_STUDY MATERIAL:_
::::
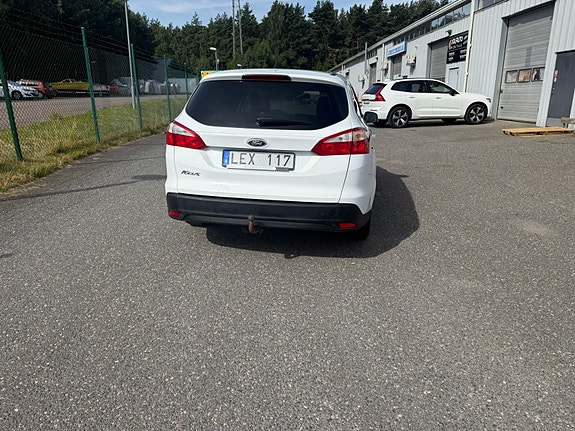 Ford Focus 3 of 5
::::
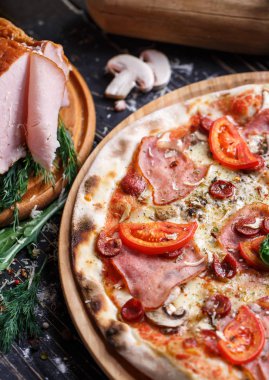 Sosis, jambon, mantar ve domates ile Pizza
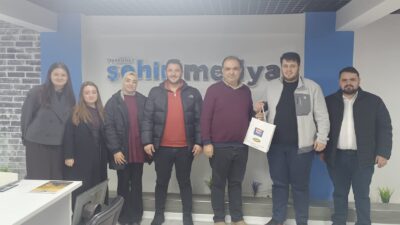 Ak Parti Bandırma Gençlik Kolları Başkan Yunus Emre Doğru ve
::::
Although the records above contain pictures, the copy should not; retype exactly the lines from the one containing "Sosis, jambon, mantar ve domates ile Pizza" through the one containing "Ak Parti Bandırma".

 Sosis, jambon, mantar ve domates ile Pizza
 Ak Parti Bandırma Gençlik Kolları Başkan Yunus Emre Doğru ve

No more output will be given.